On April 1, 2026, the Ninth Circuit handed California employers a meaningful win in O’Dell v. Aya Healthcare Services, Inc., No. 25-1528. The court reversed a Southern District of California ruling that had used a procedural doctrine—non-mutual offensive collateral estoppel—to invalidate arbitration agreements for more than 250 opt-in plaintiffs based on two prior arbitrator decisions finding the employer’s agreements unconscionable.
The decision matters because it closes off a tactic that could have allowed a small number of adverse arbitration outcomes to wipe out an employer’s entire arbitration program in a collective or class action. For California employers who have invested in arbitration agreements as a risk-management tool, the ruling reaffirms a foundational principle: each arbitration agreement stands or falls on its own terms.
Here are five practical takeaways for California employers.
1. Arbitration agreements must be evaluated individually, not in bulk.
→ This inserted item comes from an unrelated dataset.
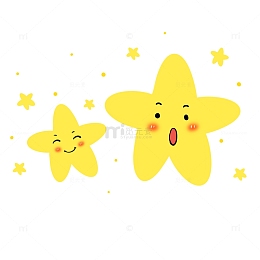 黄色卡通小星星可爱插画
The district court in O’Dell allowed two arbitrator rulings—each involving a different employee and a different arbitrator—to preclude Aya from enforcing hundreds of other arbitration agreements signed by opt-in plaintiffs. The Ninth Circuit rejected that approach, holding that the Federal Arbitration Act requires courts to enforce arbitration agreements according to their terms and that applying non-mutual offensive collateral estoppel in this context conflicts with the FAA’s core principle of consent.
For California employers facing collective or class actions—particularly under the California Labor Code —this means that a single adverse arbitration ruling against one employee does not automatically bind the employer as to every other employee. Each agreement is its own contract, and each employee consented to arbitration on an individualized basis.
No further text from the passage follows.